→ Exercise
Write down exactly the lines from the one with "OD dice reforma" to the end of the data, first and last included, and no others.

→ Records to use
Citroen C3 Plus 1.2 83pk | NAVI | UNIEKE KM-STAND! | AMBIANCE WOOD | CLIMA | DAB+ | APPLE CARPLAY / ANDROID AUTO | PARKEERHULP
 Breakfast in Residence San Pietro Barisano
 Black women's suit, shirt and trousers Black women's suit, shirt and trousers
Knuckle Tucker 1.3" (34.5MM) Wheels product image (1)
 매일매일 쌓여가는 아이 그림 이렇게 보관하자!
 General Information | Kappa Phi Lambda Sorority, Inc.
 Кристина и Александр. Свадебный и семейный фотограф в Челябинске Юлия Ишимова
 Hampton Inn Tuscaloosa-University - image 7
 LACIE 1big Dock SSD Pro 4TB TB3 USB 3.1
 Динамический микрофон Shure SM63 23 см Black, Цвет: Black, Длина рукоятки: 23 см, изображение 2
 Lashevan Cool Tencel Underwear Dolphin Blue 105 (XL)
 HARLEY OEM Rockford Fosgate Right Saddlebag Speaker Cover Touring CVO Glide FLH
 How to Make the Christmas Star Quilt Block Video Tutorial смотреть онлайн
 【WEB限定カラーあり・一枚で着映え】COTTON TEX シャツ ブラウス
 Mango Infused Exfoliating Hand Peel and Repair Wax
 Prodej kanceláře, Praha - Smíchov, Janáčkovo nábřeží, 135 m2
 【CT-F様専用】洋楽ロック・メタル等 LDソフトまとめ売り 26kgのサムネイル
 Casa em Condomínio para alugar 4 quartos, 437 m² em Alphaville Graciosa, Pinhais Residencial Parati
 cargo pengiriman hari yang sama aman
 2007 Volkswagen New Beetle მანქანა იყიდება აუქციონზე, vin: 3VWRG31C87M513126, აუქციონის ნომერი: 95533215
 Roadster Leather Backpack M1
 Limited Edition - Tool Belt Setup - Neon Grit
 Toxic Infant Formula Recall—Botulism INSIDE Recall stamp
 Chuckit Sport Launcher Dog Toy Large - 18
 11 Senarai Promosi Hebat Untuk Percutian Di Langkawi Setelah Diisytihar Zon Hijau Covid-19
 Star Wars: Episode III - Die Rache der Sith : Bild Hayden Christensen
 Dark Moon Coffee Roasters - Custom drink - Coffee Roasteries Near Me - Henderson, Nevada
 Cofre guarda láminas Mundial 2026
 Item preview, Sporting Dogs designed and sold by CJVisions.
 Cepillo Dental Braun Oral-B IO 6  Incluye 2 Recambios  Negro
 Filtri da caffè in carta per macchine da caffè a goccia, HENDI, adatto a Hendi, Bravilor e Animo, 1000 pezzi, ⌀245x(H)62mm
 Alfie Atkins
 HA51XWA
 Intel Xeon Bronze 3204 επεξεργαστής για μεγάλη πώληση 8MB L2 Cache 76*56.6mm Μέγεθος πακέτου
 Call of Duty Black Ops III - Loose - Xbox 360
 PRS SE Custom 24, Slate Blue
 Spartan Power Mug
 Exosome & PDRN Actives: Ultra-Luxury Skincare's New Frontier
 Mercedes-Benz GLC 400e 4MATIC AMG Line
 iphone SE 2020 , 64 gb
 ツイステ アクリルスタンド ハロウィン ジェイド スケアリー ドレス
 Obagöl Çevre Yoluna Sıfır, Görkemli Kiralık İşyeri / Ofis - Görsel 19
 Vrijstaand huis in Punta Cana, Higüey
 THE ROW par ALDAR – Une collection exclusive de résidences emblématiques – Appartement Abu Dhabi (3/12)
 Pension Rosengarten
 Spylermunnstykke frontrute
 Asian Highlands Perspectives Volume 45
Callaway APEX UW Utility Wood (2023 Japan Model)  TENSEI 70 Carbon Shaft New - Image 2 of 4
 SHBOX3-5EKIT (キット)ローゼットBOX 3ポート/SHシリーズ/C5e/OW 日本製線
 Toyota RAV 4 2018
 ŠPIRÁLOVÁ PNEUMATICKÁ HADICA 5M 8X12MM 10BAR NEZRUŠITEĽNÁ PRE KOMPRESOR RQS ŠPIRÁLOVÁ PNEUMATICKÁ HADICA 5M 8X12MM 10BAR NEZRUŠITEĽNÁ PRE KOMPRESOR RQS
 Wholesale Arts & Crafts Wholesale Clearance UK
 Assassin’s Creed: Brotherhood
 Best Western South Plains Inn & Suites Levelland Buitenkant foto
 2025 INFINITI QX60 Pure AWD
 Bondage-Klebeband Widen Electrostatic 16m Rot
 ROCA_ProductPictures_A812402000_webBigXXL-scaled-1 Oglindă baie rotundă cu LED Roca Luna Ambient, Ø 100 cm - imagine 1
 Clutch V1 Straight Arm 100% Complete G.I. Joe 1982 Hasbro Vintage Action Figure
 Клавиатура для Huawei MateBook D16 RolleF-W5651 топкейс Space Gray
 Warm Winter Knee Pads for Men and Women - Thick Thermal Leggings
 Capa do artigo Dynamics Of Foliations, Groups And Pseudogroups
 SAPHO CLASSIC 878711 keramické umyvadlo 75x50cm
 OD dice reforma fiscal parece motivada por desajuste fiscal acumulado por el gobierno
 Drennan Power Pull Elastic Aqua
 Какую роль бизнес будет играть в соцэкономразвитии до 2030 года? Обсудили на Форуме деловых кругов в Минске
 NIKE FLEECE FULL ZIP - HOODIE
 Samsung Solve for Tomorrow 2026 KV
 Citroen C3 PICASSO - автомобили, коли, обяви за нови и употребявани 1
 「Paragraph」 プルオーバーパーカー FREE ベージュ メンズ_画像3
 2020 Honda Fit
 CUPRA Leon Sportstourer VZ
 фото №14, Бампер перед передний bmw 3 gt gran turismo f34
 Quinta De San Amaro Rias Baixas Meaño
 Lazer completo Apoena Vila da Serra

→ Exercise response
 OD dice reforma fiscal parece motivada por desajuste fiscal acumulado por el gobierno
 Drennan Power Pull Elastic Aqua
 Какую роль бизнес будет играть в соцэкономразвитии до 2030 года? Обсудили на Форуме деловых кругов в Минске
 NIKE FLEECE FULL ZIP - HOODIE
 Samsung Solve for Tomorrow 2026 KV
 Citroen C3 PICASSO - автомобили, коли, обяви за нови и употребявани 1
 「Paragraph」 プルオーバーパーカー FREE ベージュ メンズ_画像3
 2020 Honda Fit
 CUPRA Leon Sportstourer VZ
 фото №14, Бампер перед передний bmw 3 gt gran turismo f34
 Quinta De San Amaro Rias Baixas Meaño
 Lazer completo Apoena Vila da Serra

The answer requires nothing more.